Aradan bir yıl geçti, bugün hala antisemitizm tehlikesi tartışılırken Documenta atıfı yapılıyor.
Documenta’da bir başka eser daha tartışmalara neden oldu: Picasso’nun Guernica’sına göndermeyle “Guernica Gaza” başlıklı resimler serisi arasından bir eser. “The Question of Funding” adlı Filistinli sanatçı grubuna ait çalışmada, Filistinli köylüler ve onlara saldırmaya hazırlanan duvar ardına gizlenmiş ağır silahlı İsrail askerleri görülüyordu. Jean-François Millet’nin Tevrat’taki “Rut ile Boaz”ın hikayesinden esinlenerek yaptığı tablodaki iki figür çıkarılmış, yerini İsrail askerleri almıştı. Arka plandaki tank, ölümün pusuda olduğunu gösteriyordu.
Kompozisyona tepki büyüktü, çünkü “Guernica göndermesi, Gazze’ye askeri operasyon düzenleyen İsrail ordusunu Bask ülkesini bombalayan Wehrmacht yerine koymak, İsrail devletini de Hitler rejimiyle bir tutmak anlamına geliyordu. Guernica böyle bir sapkınlığa alet edildiği için Picasso mezarında ters dönebilirdi!”

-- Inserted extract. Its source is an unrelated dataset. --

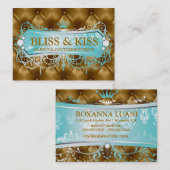 Glücks-goldener Büschel des Aqua-311 Visitenkarte (Vorne/Hinten)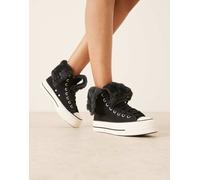 Converse - Chuck Taylor All Star Fold Over Lift - Sneakers nere risvoltabili-Nero 42.5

Picasso, gelmiş geçmiş en güçlü savaş karşıtı eserlerden biri olarak tanımlanan Guernica’yı, kentin İspanya iç savaşı sırasında Nazi Almanyası’yla faşist İtalya tarafından bombalanmasından sonra yapmıştı. Şiddet ve acıyı yansıtan tablo Madrid’deki Kraliçe Sofia Müzesi’nde.
Ancak daha iyi bilinen versiyonu, Rockefeller ailesinden ödünç alınmış duvar halısı şeklinde, dünyada barış ve güvenliğin sağlanmasından sorumlu BM Güvenlik Konseyi’nin girişinde duruyor. İki yıl önce aileye iade edilmişti, ancak BM diplomatlarının tepkisi üzerine geçen yıl yeniden yerine asıldı.
BM Genel Sekreteri Guterres duvar halısını teslim alırken, “Guernica, barış ve güvenliğe duyulan acil ihtiyacı dünyaya anlatıyor. Bu ikonik eserin mesajı bize ilham verecektir” diye yazmıştı.
O ilham dünyaya bir türlü gelemedi, Guernica’daki şiddet, kaos ve acılar Gazze’de yaşandı, yaşanıyor.